It’s hard to imagine an editor saying to Dave Barry or Mike Royko or the late Lewis Grizzard: “Sorry, we can’t use you, we already run Russell Baker.” Or to William Safire and George Will: “Your services will not be needed because we already run Patrick Buchanan.”

In practical terms, this means that if an abortion doctor gets shot the same week a judge hands down an appallingly light sentence to a man who has killed his cheatin’ wife, and/or Hillary Clinton says something particularly unexpected, “the girl” faces a dilemma: She can be reasonably certain her male colleagues will not be moved to comment, and reasonably certain her readers will want to hear what she has to say on all three topics.

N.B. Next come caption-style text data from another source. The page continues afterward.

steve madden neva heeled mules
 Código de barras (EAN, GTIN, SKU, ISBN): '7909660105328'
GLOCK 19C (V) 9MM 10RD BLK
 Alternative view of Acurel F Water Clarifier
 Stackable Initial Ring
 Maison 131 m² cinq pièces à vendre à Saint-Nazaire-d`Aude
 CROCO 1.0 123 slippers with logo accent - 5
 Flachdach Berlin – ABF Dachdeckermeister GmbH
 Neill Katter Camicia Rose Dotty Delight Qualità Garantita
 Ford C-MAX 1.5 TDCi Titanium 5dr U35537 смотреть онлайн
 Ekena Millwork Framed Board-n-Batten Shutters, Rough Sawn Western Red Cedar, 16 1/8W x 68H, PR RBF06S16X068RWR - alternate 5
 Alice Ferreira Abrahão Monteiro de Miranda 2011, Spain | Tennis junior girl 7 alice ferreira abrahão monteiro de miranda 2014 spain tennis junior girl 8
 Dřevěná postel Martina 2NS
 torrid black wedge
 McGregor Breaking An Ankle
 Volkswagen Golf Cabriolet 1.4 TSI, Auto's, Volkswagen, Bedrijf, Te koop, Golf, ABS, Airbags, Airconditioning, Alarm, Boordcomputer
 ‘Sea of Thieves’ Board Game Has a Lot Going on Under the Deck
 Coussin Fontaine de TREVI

“You’re like, ‘Hey, somebody’s gotta take up the slack here, boys and girls,’ but nobody does,” says Quindlen. “You look at Op-Ed pages and in general, they have one woman, one person of color, and eight white guys. I don’t want to get into quotas, because I dream of a day when all the people on the Op-Ed page are women, but people get real comfortable with a ‘one-fer’ approach. So-and-so is black and so-and-so is our woman and there’s all the rest.”

In her case, being “the girl” has worked to her advantage tremendously. She was a fast-rising editor when she took a six-month maternity leave after the birth of her first son, now 11.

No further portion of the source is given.